| Work to complete |
When you reach the line containing "A close-up on" in the entries below, begin reproducing lines exactly, and stop once the line containing "Wet spa stones" is done.
[Provided entries]
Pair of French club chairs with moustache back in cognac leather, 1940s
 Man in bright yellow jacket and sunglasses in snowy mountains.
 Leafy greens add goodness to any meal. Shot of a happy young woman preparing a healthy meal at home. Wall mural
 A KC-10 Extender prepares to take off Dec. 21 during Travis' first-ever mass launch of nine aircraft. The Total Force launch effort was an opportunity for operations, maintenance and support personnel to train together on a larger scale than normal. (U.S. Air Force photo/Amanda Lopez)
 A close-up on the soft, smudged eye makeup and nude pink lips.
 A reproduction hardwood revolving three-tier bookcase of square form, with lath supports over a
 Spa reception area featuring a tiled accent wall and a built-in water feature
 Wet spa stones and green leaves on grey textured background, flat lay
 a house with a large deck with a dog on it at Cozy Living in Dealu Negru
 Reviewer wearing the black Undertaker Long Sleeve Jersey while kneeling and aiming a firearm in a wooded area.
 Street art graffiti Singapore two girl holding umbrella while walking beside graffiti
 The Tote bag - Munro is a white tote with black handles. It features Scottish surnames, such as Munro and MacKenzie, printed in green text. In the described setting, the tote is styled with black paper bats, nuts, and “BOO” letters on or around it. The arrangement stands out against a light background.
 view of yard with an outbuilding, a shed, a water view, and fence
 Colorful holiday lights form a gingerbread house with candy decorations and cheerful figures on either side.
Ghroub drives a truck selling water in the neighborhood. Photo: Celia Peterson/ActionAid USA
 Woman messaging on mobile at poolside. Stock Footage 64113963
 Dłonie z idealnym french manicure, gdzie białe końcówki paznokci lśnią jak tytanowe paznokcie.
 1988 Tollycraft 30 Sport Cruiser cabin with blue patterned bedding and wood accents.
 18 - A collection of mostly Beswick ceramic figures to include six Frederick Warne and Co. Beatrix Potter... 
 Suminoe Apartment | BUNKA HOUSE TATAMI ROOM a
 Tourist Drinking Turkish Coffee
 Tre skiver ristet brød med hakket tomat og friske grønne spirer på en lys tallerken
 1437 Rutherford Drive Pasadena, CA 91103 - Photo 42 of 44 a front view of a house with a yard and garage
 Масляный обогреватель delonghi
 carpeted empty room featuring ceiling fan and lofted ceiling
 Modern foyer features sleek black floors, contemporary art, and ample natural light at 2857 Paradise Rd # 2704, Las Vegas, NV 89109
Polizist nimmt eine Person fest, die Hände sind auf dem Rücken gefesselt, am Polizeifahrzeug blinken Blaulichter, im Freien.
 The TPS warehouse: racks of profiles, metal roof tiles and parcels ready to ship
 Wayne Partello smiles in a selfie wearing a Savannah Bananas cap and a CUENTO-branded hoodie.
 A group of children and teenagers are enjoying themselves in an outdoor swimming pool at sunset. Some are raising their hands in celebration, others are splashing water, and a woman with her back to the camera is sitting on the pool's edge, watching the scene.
[/Provided entries]
| Output below |
 A close-up on the soft, smudged eye makeup and nude pink lips.
 A reproduction hardwood revolving three-tier bookcase of square form, with lath supports over a
 Spa reception area featuring a tiled accent wall and a built-in water feature
 Wet spa stones and green leaves on grey textured background, flat lay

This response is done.